It appears that we have entered a new political climate in which global climate change is being taken seriously by most governments, industries and citizens around the world. The Paris climate talks are at least partially responsible for the new winds blowing.

The public naysayers and their followers who have vested interests in maintaining the status quo are definitely on the ropes. As Thomas Homer-Dixon recently said in a Globe and Mail article, “As Earth’s atmosphere warms and severe droughts, storms, and wildfires sweep the planet, those arguing that climate change isn’t a grave danger have had to bob and weave to stay on their feet.”

When we began publishing this “Rethinking Lifestyle” column about seven years ago we were careful not to use climate-change language for fear of alienating readers too quickly. But since then some things have changed. First, as Homer-Dixon says, “Scientific evidence from around the world has been accumulating relentlessly, and this evidence points to a clear conclusion: climate change is real, humans are causing it, and it’s an enormous threat.” And second, I now feel free to write about it in this column.

Of course there is a steady stream of cynicism circulating in the media saying that the Paris Accord hasn’t changed anything; that it simply was an expensive gab-fest by world elites. But such voices increasingly sound like the last gasp of an old guard.

One sign that much has changed is that Mark Carney, governor of the Bank of England, was in Paris as head of the Financial Stability Board to announce a new global task force with a mandate to find ways of identifying business risks that companies face due to climate change.

And there are signs that energy companies around the world, now heavily invested in fossil fuels, are admitting to a new reality. Cenovus, a company deeply immersed in the Canadian oil sands, recently stated, “Cenovus shares the public’s concern that climate change is one of the greatest global challenges of our time.
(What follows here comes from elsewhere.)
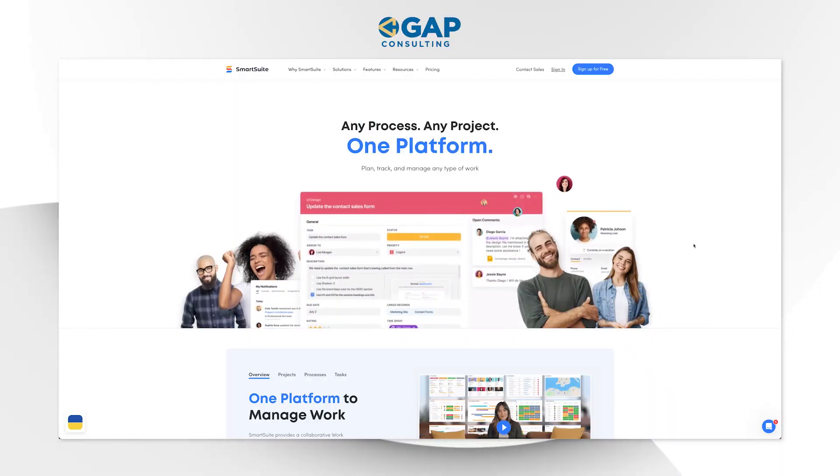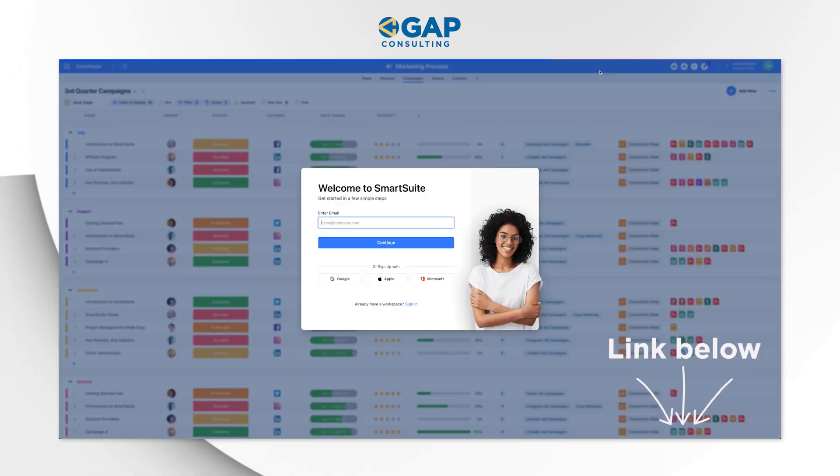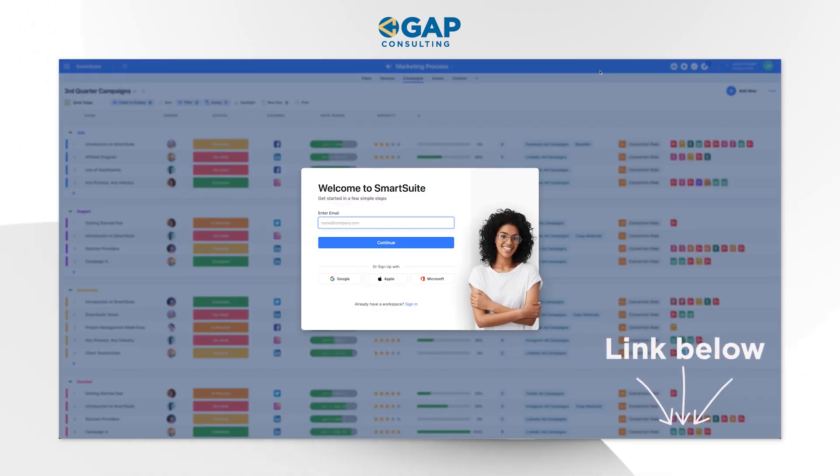Before we get to that, I want to invite you to follow along with this video. If you already have a SmartSuite account, pop it open in another window and follow along as we go through this. And if you haven't already signed up for SmartSuite, check out our link below. If you sign up using our link and choose to upgrade to a paid account, you will be eligible for some exclusive swag that only comes to members who watch videos on our channel.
Our product is part of the problem.”

And it was hard to miss the fact that there were mayors of 1000 cities around the world present in Paris who committed to working toward sourcing 100 per cent of their electricity from renewable sources as soon as possible. This is good news because it indicates that local governments around the world are already acting boldly to tackle climate change with or without a global accord.

Prime Minister Trudeau got it right when he stated recently that “People want to do more. But they want to know that what they are doing fits into a bigger picture.”

What the Paris Accord does is give all of us at the local level framework within which to do our part to limit our carbon footprint. And that includes our city, our municipalities, our churches, our businesses and all of us as individuals. What part will you have in this local challenge that has global implications?